Beware, keep alert; for you do not know when the time will come. It is like a man going on a journey, when he leaves home and puts his slaves in charge, each with his work, and commands the doorkeeper to be on the watch. Therefore, keep awake—for you do not know when the master of the house will come, in the evening, or at midnight, or at cockcrow, or at dawn, or else he may find you asleep when he comes suddenly. And what I say to you I say to all: Keep awake.” - Mark 13:33-37
In 1999 I spent Thanksgiving at my brother’s house in Austin. My brother is a good man, but he does fall prey to his enthusiasms. Like making beer. We enjoyed the produce of his brewer’s enthusiasm with our Turkey dinner - he made a strange but not bad pumpkin flavored beer. Other enthusiasms include auto auctions. He went to an auction once and came home with a ‘51 Bentley. Not that he needed a car, but as he says, “It was such a good deal.”
In 1999 my brother’s enthusiasm was wrapped up in the whole Y2K thing (remember that?). He had begun storing food in hermetically sealed drums in his garage. “You can’t be too careful,” he explained to me. And this while he was showing me plastic bundles of sulfur-yellow dehydrated eggs.
For some people my brother’s enthusiasm might be the perfect optic through which to experience the season of Advent.

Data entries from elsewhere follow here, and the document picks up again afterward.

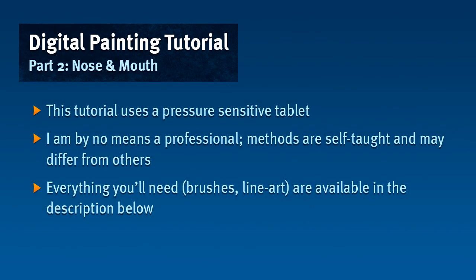This is part two of our digital painting tutorial and we're going to look at the nose and the mouth. We're going to keep building on the same image that we had from part one and we're still using a pressure-sensitive tablet in the same brush setup.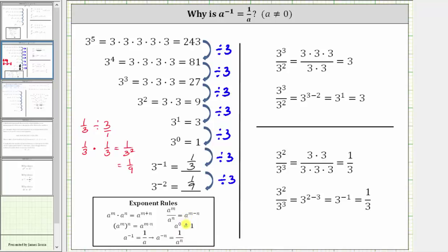And now let's take a look at some quotients. To review, one way to simplify three cubed divided by three squared would be to expand three cubed and expand three squared. In this form, three divided by three simplifies to one, leaving us with one factor of three in the numerator, and therefore the quotient is equal to three.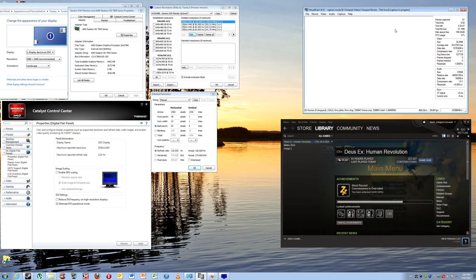Hey everyone, Black Octagon again. Thanks for your patience as we've been waiting for part 4, the final part of this review of the Overlord Tempest OC.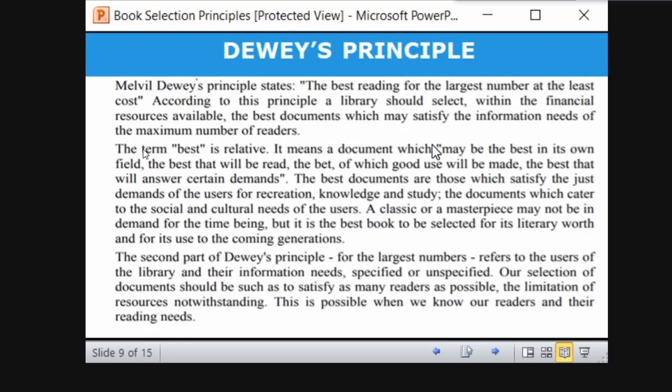Next we are going to discuss Melvil Dewey's principle. He states that 'best reading for the largest number at the least cost' — meaning you have to purchase a large number of books at a simple low cost. According to this principle, a library should select within its financial resources. If you only have 5,000 rupees, you have to purchase as many books as possible, but they should be the best reading.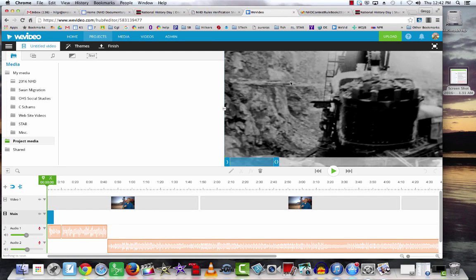When you've finished editing your project, it's time to save it so you can show it off at the competition to the judges.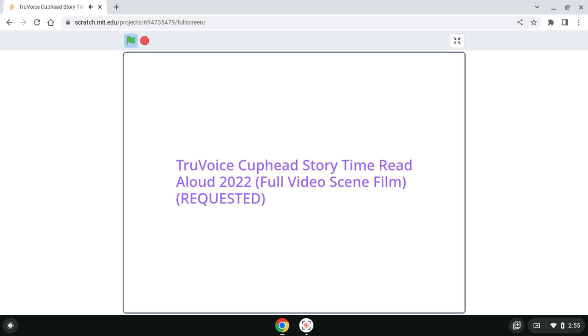Hip hip hurrah! Hip hip hurrah! As an all-day celebration began, the brothers promised to never wander into trouble again. And they didn't, until the next time of course! But that is another story.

Mark’s Gospel has Jesus telling his audience to keep awake – you can’t be too careful.
The time of which Jesus urges his listeners to be prepared is the end of time. Jesus fully expected that his generation would see the end of things that had always been. For us things may have seemed to turn out differently. But if we listen carefully to the Word of God that is alive in us, we will admit that what Jesus has told us is true. The end has come, and we stand as witnesses to the beginning of the New Age.
Biblical scholars come down on two sides of this teaching of Jesus. Some claim that Jesus’ words about the end of time were just plain wrong. These scholars claim that Jesus (like my brother) was overcome with an enthusiasm. It was an idea that was prevalent in first century Palestine: many preachers told that the end was near. But, they were all disappointed. The world did not end. So, for these scholars, Jesus was just plain wrong.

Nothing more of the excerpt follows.